It’s no secret that Disclaimer’s expectations were among the highest we’ve seen in recent memory. With a pedigree of A-listers in all domains at work on the project — including:
Rich Pick, Oscar winner, and Tony and Emmy nominee Cate Blanchett in lead;
Rich Pick nominees and Oscar nominees Sacha Baron Cohen, Kodi Smit-McPhee, Lesley Manville, and Kevin Kline1 in support;
Rich Picks and respective Oscar nominee and winner Bruno Delbonnel and Emmanuel Lubezki both behind the camera;
Rich Pick and Oscar and Grammy winner Finneas o’Connell on score; and,
again, Rich Pick and Oscar winner Alfonso Cuarón on the page and at the helm
— the series could hardly have been expected to go seriously wrong in almost any way.

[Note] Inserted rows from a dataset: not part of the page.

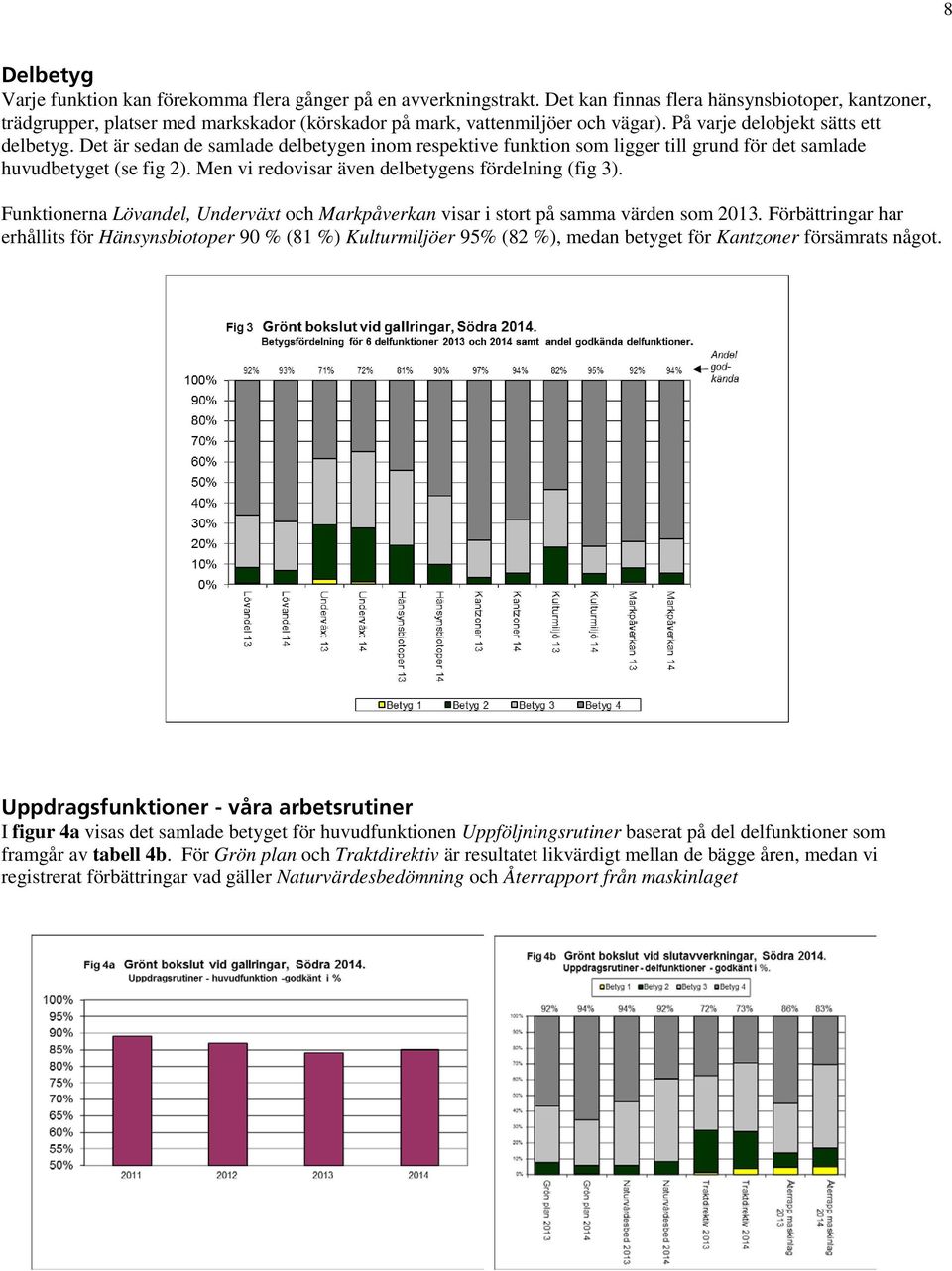 Det är sedan de samlade delbetygen inom respektive funktion som ligger till grund för det samlade huvudbetyget (se fig 2). Men vi redovisar även delbetygens fördelning (fig 3).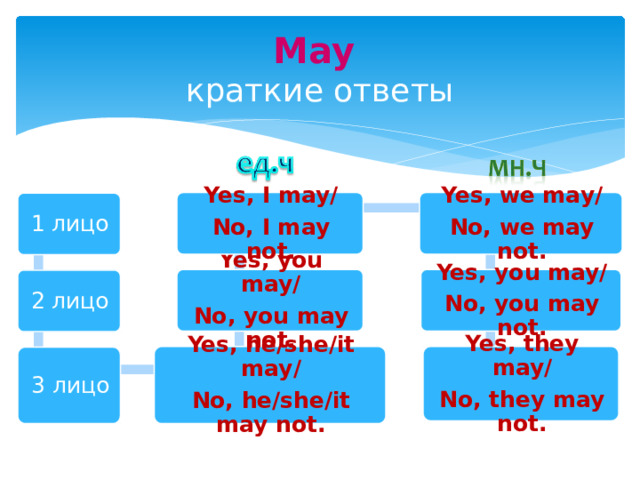 May  краткие ответы Yes, I may/ Yes, we may/ No, I may not. No, we may not. 1 лицо Yes, you may/ Yes, you may/ No, you may not. No, you may not. 2 лицо Yes, he/she/it may/ Yes, they may/ No, they may not. No, he/she/it may not. 3 лицо 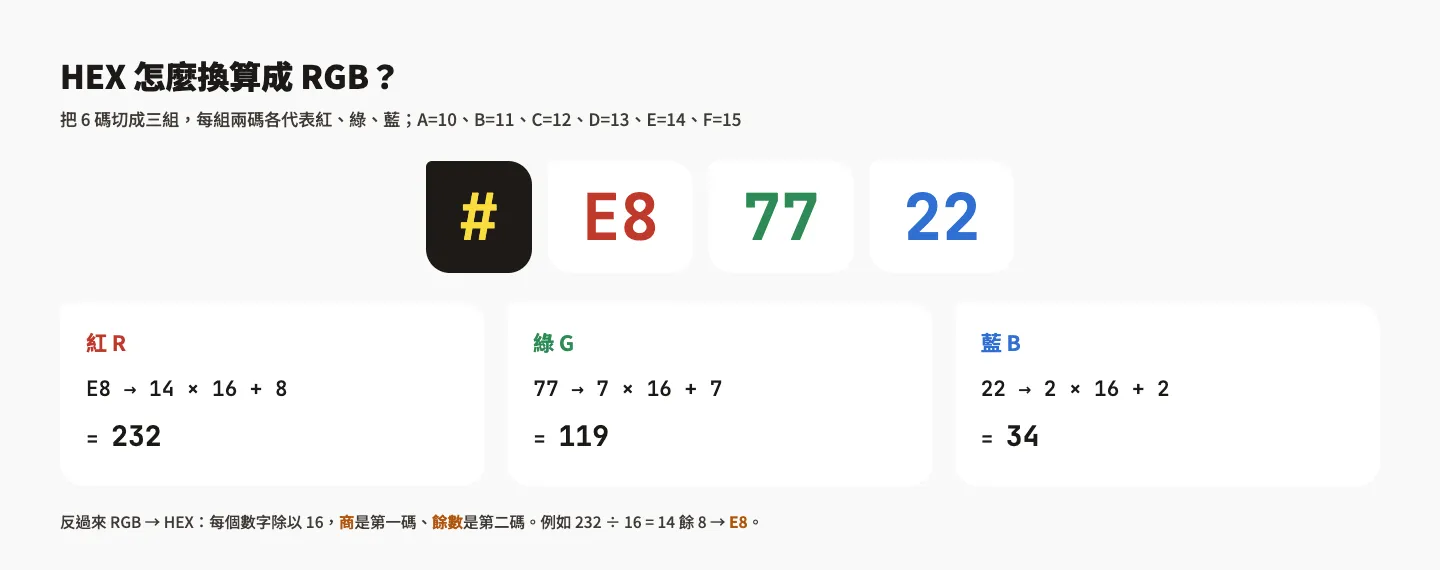 HEX 轉 RGB 換算示意：E8 等於 14 乘 16 加 8 得 232，77 得 119，22 得 34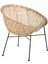 Patrıck Sandalye Natural 4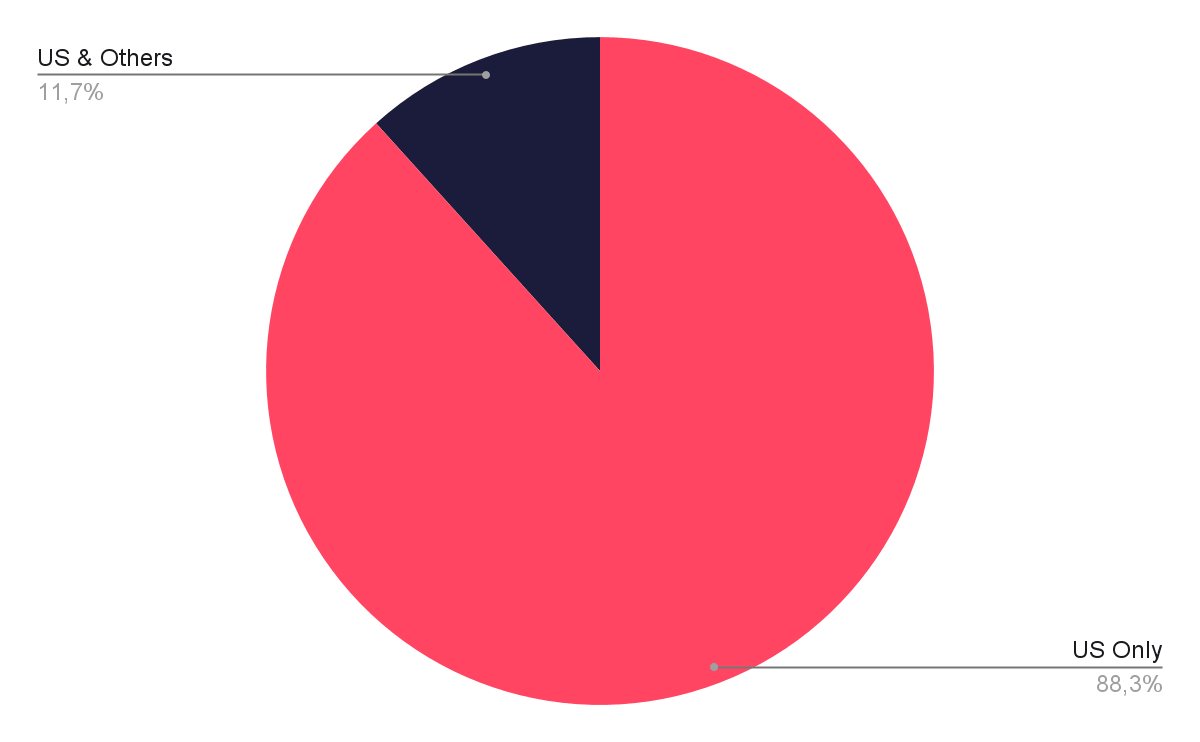 When we look at the posts targeting the United States, US-only threats account for 88.3% of observed activity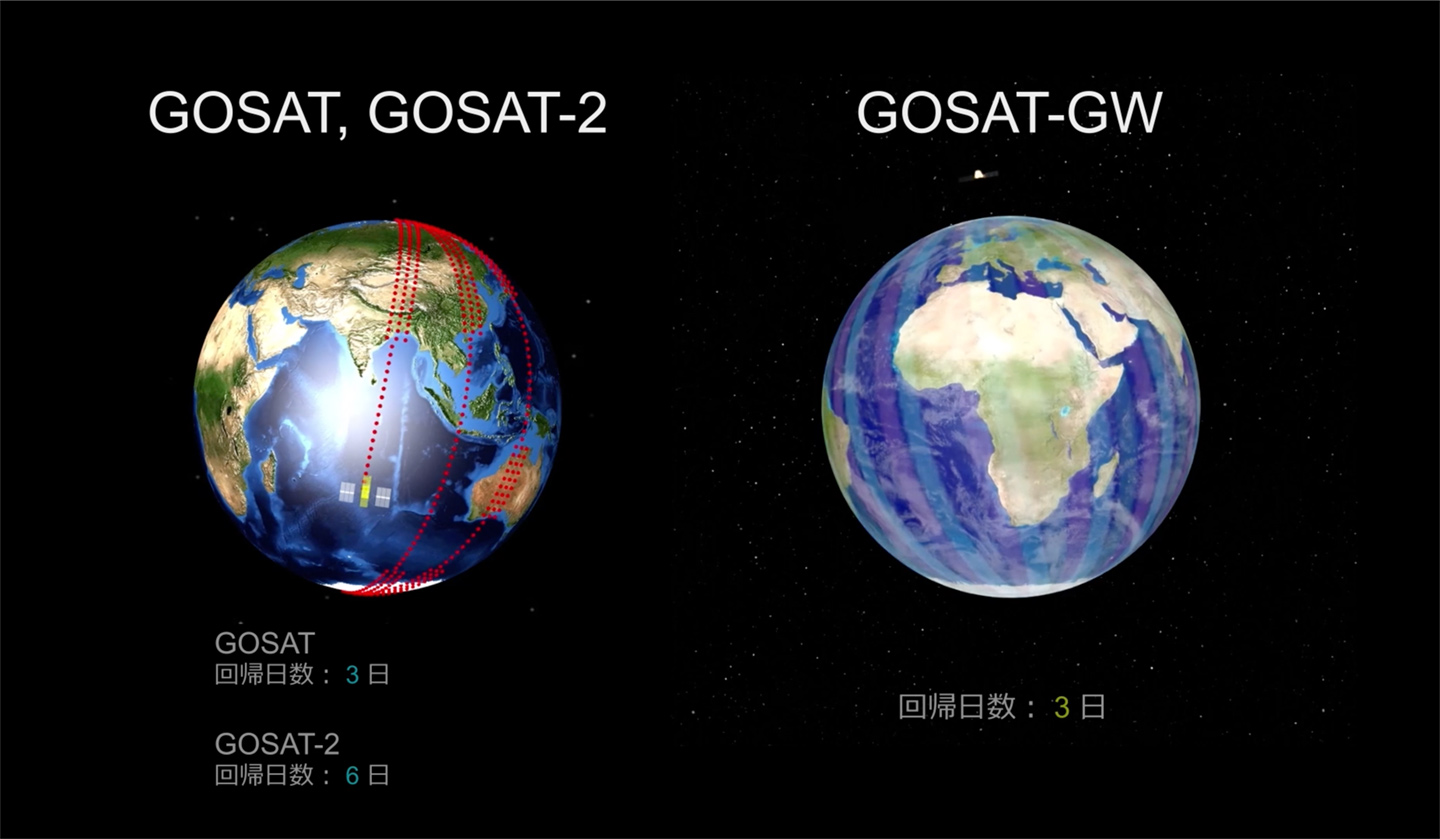 写真2　展示した動画のキャプチャー画面。CG映像でGOSATシリーズの観測方式や軌道の違いを説明した。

And — to the series’ credit — watching even just the first episode alone, I believe, would make anyone admit to the technical mastery at work in all those aforementioned aspects of Disclaimer: Acting, directing, and music are all world-class technicians; and the cinematography in particular is just stunning, somehow both:
rightly making the elite sophisticate new London home of Blanchett’s celebrated documentarian Catherine and her quietly discontented husband (played by Baron Cohen) feel every bit the emotionally and physically cramped and tedious space it needs to be as the external diegetic expressions of those characters’ shared internal world, and
at the same time rightly letting the glimmering sun-kissed memories of Italy bloom wide with warmth, intimacy, and possibility.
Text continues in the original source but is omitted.